A New Programming Language for Kids

Photo taken by Piotr Jaczewski. There are no usage restrictions for this photo

The complex syntax of computer programming languages makes the prospect of becoming a true geek daunting for many.

But Scratch is so simple, even kids can do it.

Mitchel Resnick and his colleagues at the MIT Media Lab, supported by the National Science Foundation, are focused on getting young people excited about computer science by using technology as a means to express themselves in creative ways, including through computer programming.

The target audience: ages 8 through 16. But you can use it, too.

In Scratch, coding is done with graphical blocks. A student writes code by snapping together blocks, much like LEGO bricks or pieces of a puzzle. Additionally, the blocks are designed to fit only in ways that make syntactic sense. This eliminates the dreaded syntax errors that often frustrate and discourage young computer programmers.
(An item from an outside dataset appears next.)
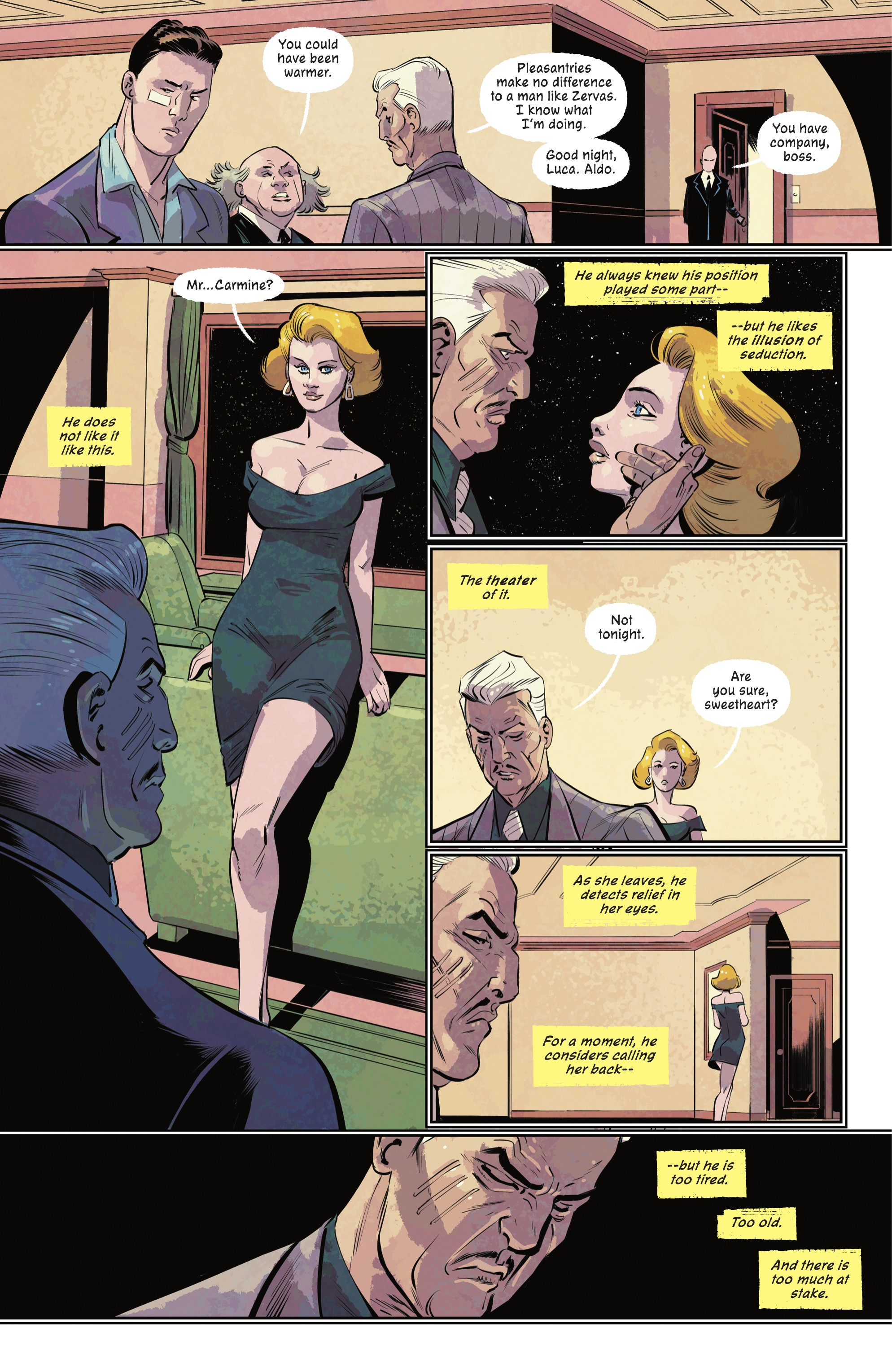 Read Catwoman (2018-) Manga Online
To create a program, students drag-and-drop the blocks to create procedures.

For example, a student could code a procedure that would make a figure dance. Scratch is easy for people to get started, but still provides the complex environment that allows people to design more complicated projects. This is the ideal combination for encouraging novices, while still providing a challenging environment for Scratch experts.
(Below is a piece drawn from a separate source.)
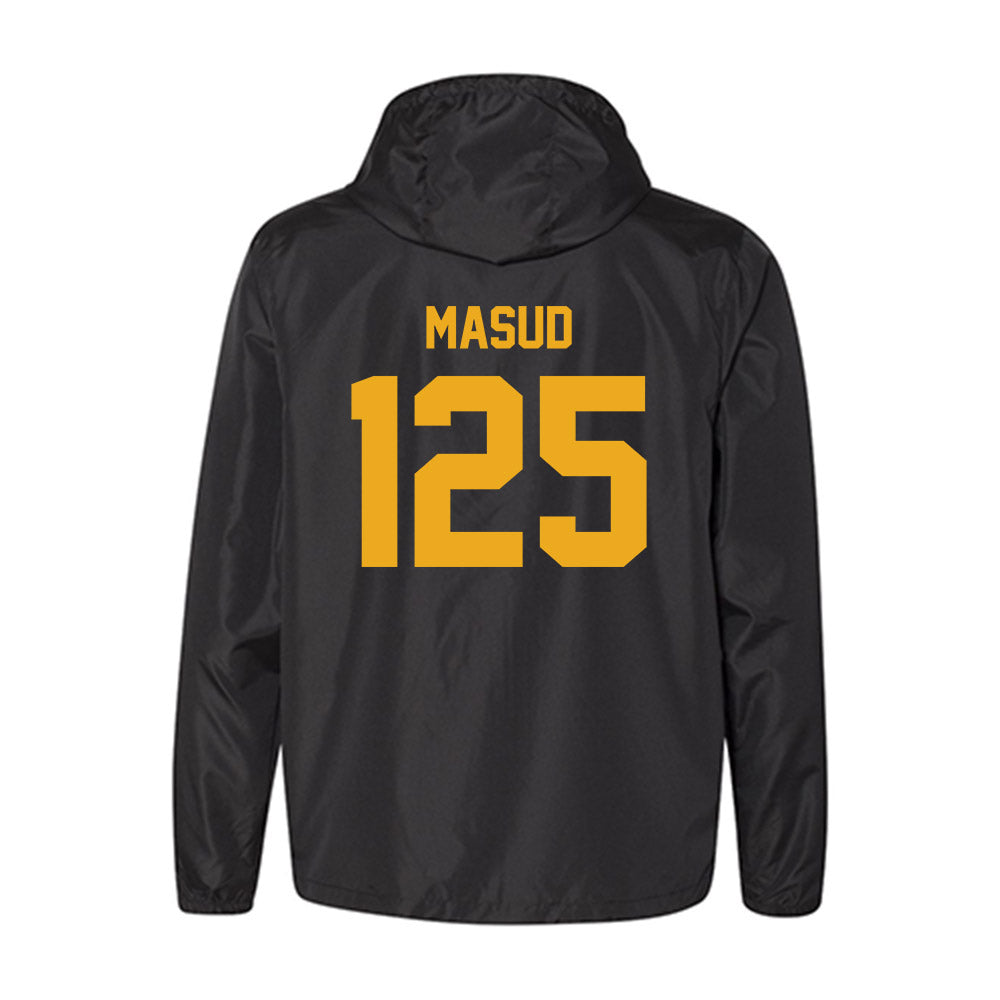 Missouri - NCAA Wrestling : Luqman Masud - Windbreaker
When Resnick and his team launched Scratch in 2007, they also launched a Scratch website that allows Scratch programmers to publish their projects on the web and share it with others. This creates an online community where people share and collaborate on Scratch projects.
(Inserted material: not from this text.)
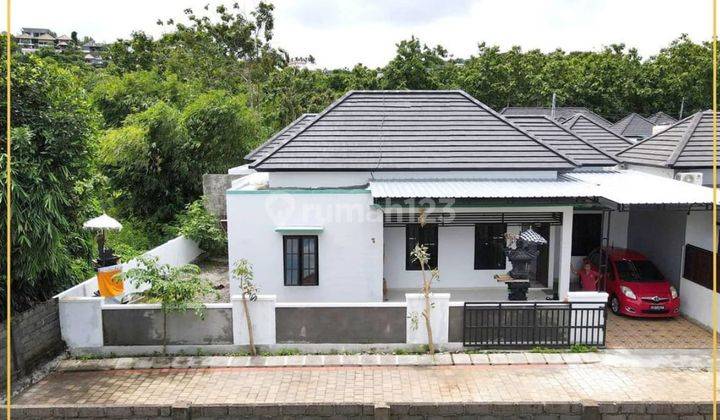 Dikontrakan Rumah Modern Minimalist Di Bukit Jimbaran 1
Since launch, there have been almost 800,000 projects uploaded to the Scratch website.

One practical use: Students are using Scratch in English courses as a tool to use in their book reports. Resnick and colleagues say that injecting computer programming into non-computer science courses more accurately reflects the present day world where computer-programming skills are needed in a diverse set of professions.

Resnick worries that today's kids use plenty of technology but may not be digitally fluent.

Resnick points out that to be fluent in a foreign language, one must be able to explain a complex idea or tell a story, not just be able to say a few phrases in the language. Analogously, he claims that to be digitally fluent, one would need to be able to construct things with the digital tools, not just be able to use them.